▶ **Task description**: In your copy of the data below, reproduce every entry exactly and omit the pictures.

▶ **Records shown**:
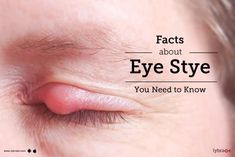 What Causes A Stye In Your Eye, Stye Remedies Fast How To Get Rid, Eye Sty, Stye Causes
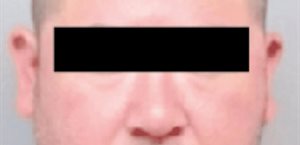 Ebrio golpea en la cabeza a joven; no quiso comprar cerveza a él y a sus amigos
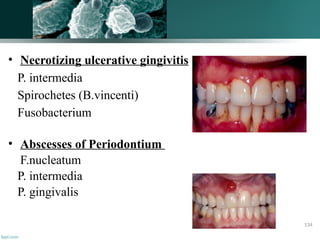 • Necrotizing ulcerative gingivitis
P. intermedia
Spirochetes (B.vincenti)
Fusobacterium
• Abscesses of Periodontium
F.nucleatum
P. intermedia
P. gingivalis
134
 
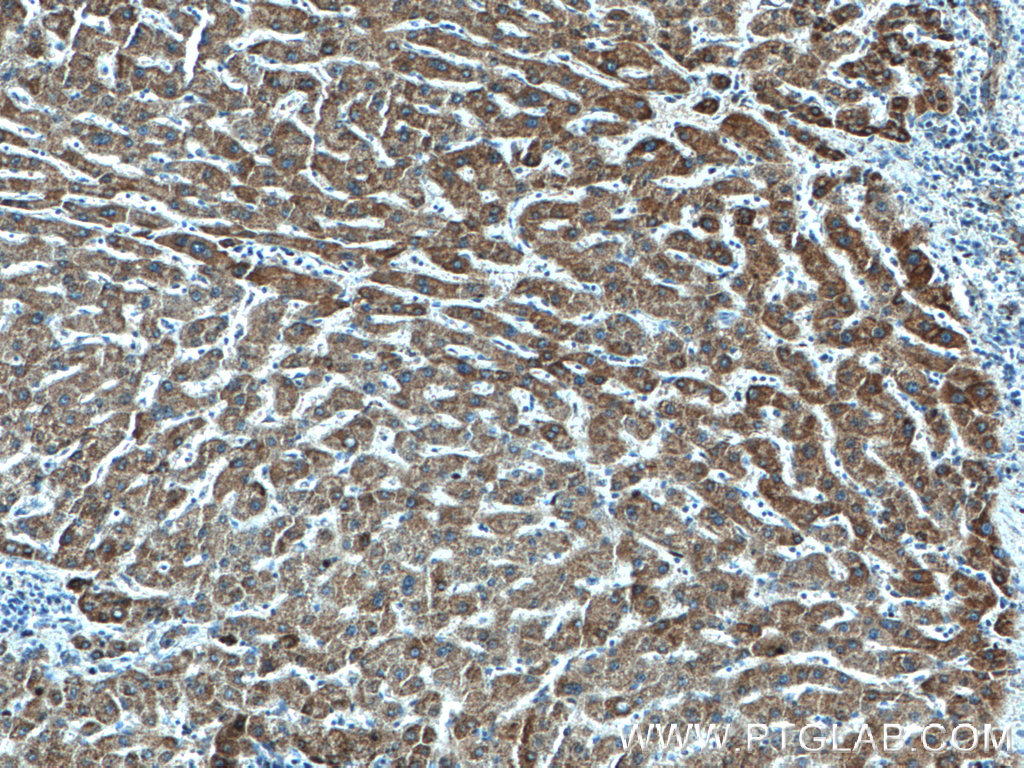 Immunohistochemistry (IHC) staining of human liver cancer tissue using SDHA Monoclonal antibody (66588-1-Ig)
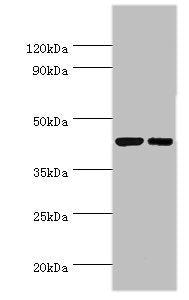 Western blot All lanes: Cyclic AMP-responsive element-binding protein 3 antibody at 6ug/ml Lane 1: Jurkat whole cell lysate Lane 2: HepG2 whole cell lysate Secondary Goat polyclonal to rabbit IgG at 1/10000 dilution Predicted band size: 44, 42, 40...
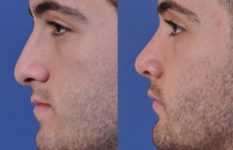 before and after orthognathic surgery male patient left side view case 2550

▶ **Solution to this problem**:
 What Causes A Stye In Your Eye, Stye Remedies Fast How To Get Rid, Eye Sty, Stye Causes
 Ebrio golpea en la cabeza a joven; no quiso comprar cerveza a él y a sus amigos
 • Necrotizing ulcerative gingivitis
P. intermedia
Spirochetes (B.vincenti)
Fusobacterium
• Abscesses of Periodontium
F.nucleatum
P. intermedia
P. gingivalis
134
 
 Immunohistochemistry (IHC) staining of human liver cancer tissue using SDHA Monoclonal antibody (66588-1-Ig)
 Western blot All lanes: Cyclic AMP-responsive element-binding protein 3 antibody at 6ug/ml Lane 1: Jurkat whole cell lysate Lane 2: HepG2 whole cell lysate Secondary Goat polyclonal to rabbit IgG at 1/10000 dilution Predicted band size: 44, 42, 40...
 before and after orthognathic surgery male patient left side view case 2550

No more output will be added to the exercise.